--- INFORMATION SUPPLIED ---

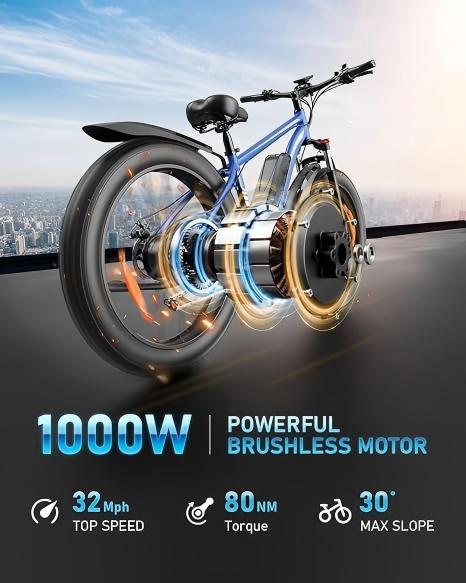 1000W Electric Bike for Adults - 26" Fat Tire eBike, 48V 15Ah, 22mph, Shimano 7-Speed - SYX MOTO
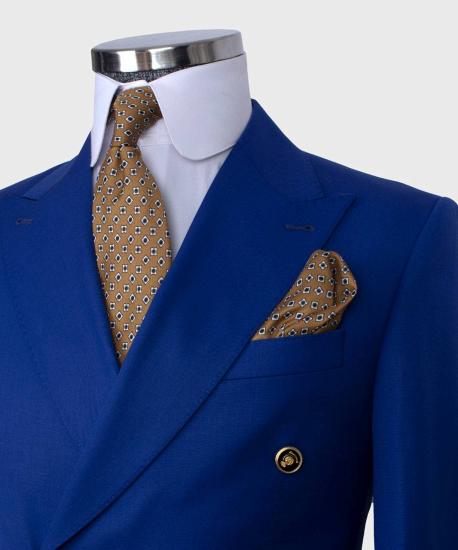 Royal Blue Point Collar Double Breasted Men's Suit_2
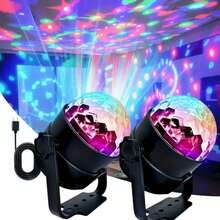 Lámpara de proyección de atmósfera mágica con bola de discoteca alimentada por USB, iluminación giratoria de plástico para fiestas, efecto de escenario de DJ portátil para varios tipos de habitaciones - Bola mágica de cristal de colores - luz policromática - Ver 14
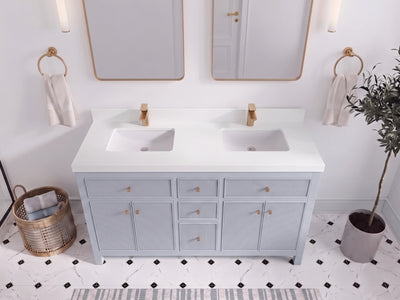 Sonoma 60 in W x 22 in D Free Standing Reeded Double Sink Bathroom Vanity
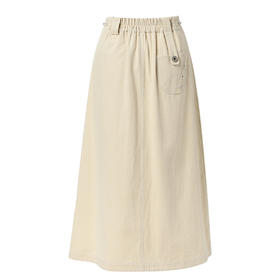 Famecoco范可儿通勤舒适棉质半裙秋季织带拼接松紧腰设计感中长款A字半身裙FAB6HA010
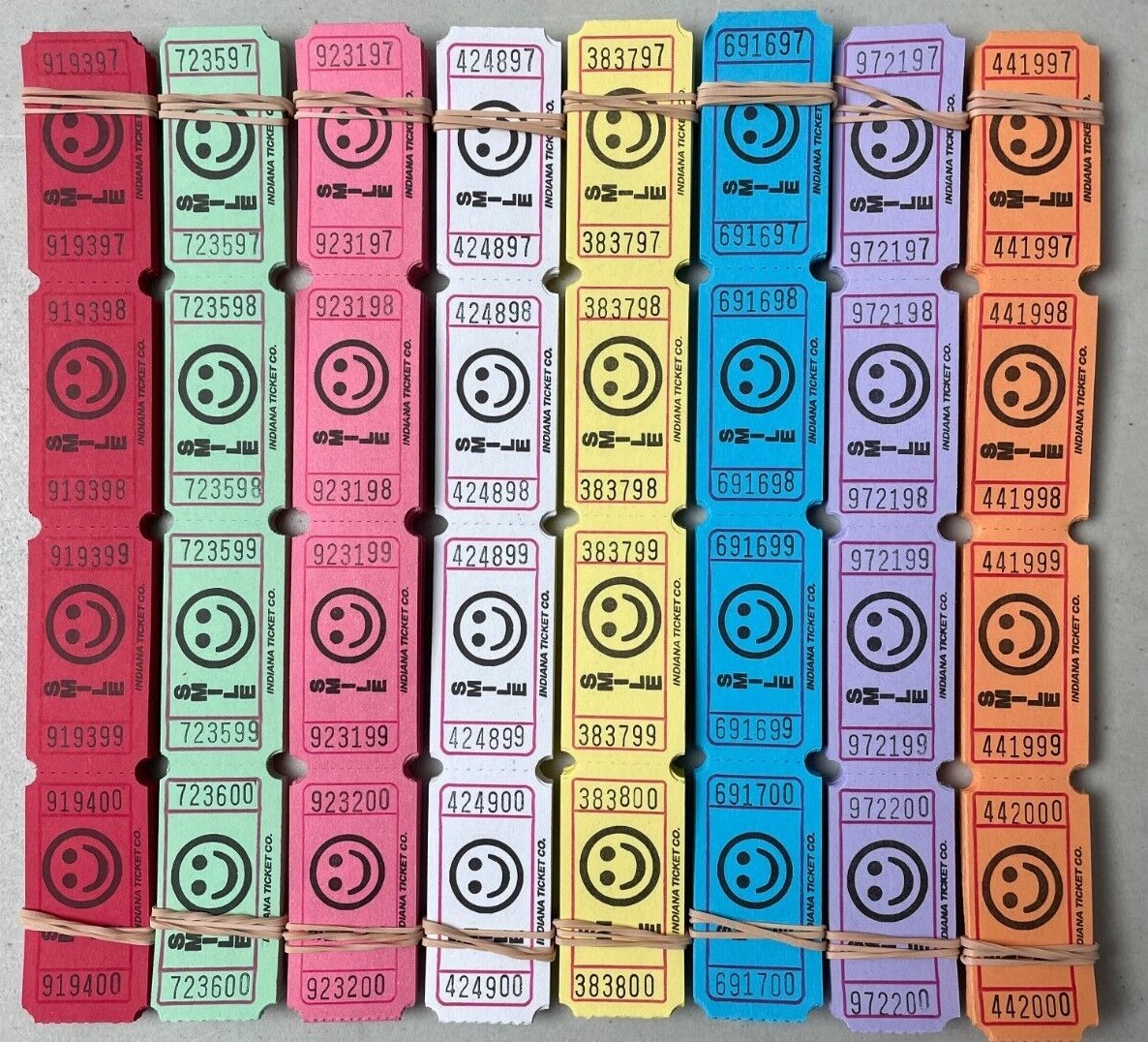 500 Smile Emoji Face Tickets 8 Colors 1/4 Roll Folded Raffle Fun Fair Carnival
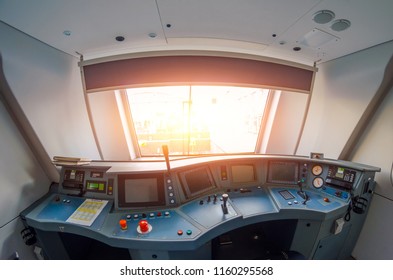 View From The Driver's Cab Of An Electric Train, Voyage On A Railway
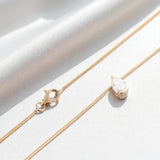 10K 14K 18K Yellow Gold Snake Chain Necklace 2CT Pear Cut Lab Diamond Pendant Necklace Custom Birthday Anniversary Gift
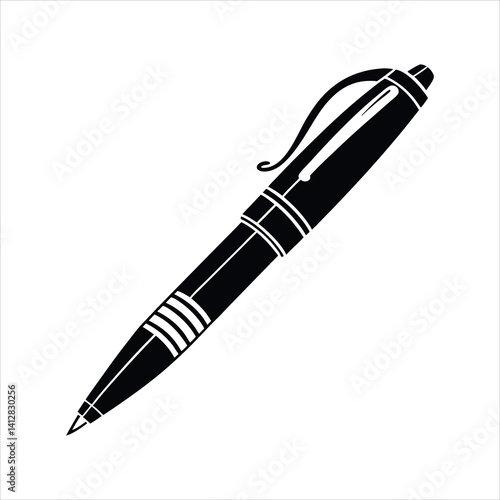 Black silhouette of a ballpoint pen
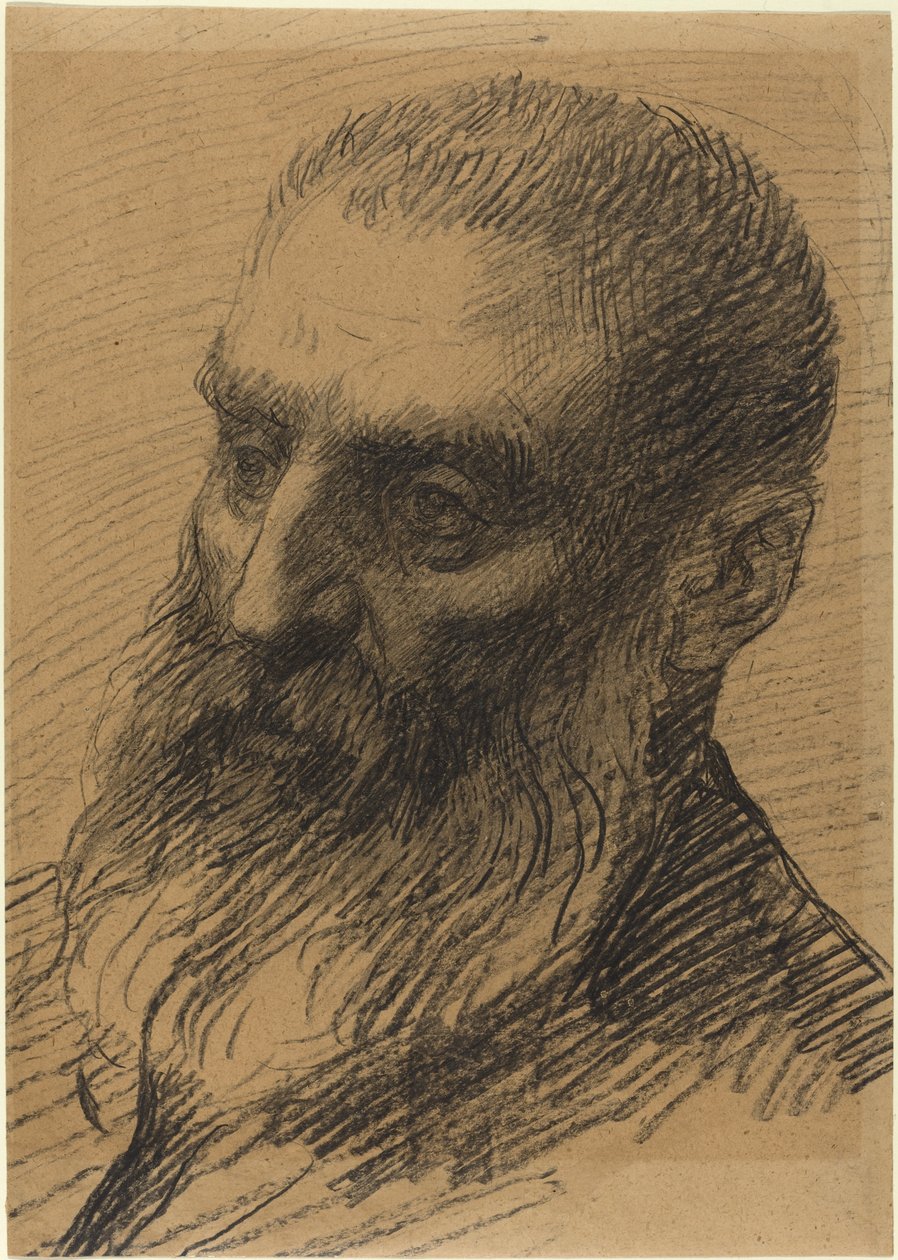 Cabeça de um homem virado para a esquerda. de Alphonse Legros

---

• [WHAT IS NEEDED] What is needed is an exact repetition of every entry, without the pictures.

• [ANSWER TO THIS EXERCISE]
 1000W Electric Bike for Adults - 26" Fat Tire eBike, 48V 15Ah, 22mph, Shimano 7-Speed - SYX MOTO
 Royal Blue Point Collar Double Breasted Men's Suit_2
 Lámpara de proyección de atmósfera mágica con bola de discoteca alimentada por USB, iluminación giratoria de plástico para fiestas, efecto de escenario de DJ portátil para varios tipos de habitaciones - Bola mágica de cristal de colores - luz policromática - Ver 14
 Sonoma 60 in W x 22 in D Free Standing Reeded Double Sink Bathroom Vanity
 Famecoco范可儿通勤舒适棉质半裙秋季织带拼接松紧腰设计感中长款A字半身裙FAB6HA010
 500 Smile Emoji Face Tickets 8 Colors 1/4 Roll Folded Raffle Fun Fair Carnival
 View From The Driver's Cab Of An Electric Train, Voyage On A Railway
 10K 14K 18K Yellow Gold Snake Chain Necklace 2CT Pear Cut Lab Diamond Pendant Necklace Custom Birthday Anniversary Gift
 Black silhouette of a ballpoint pen
 Cabeça de um homem virado para a esquerda. de Alphonse Legros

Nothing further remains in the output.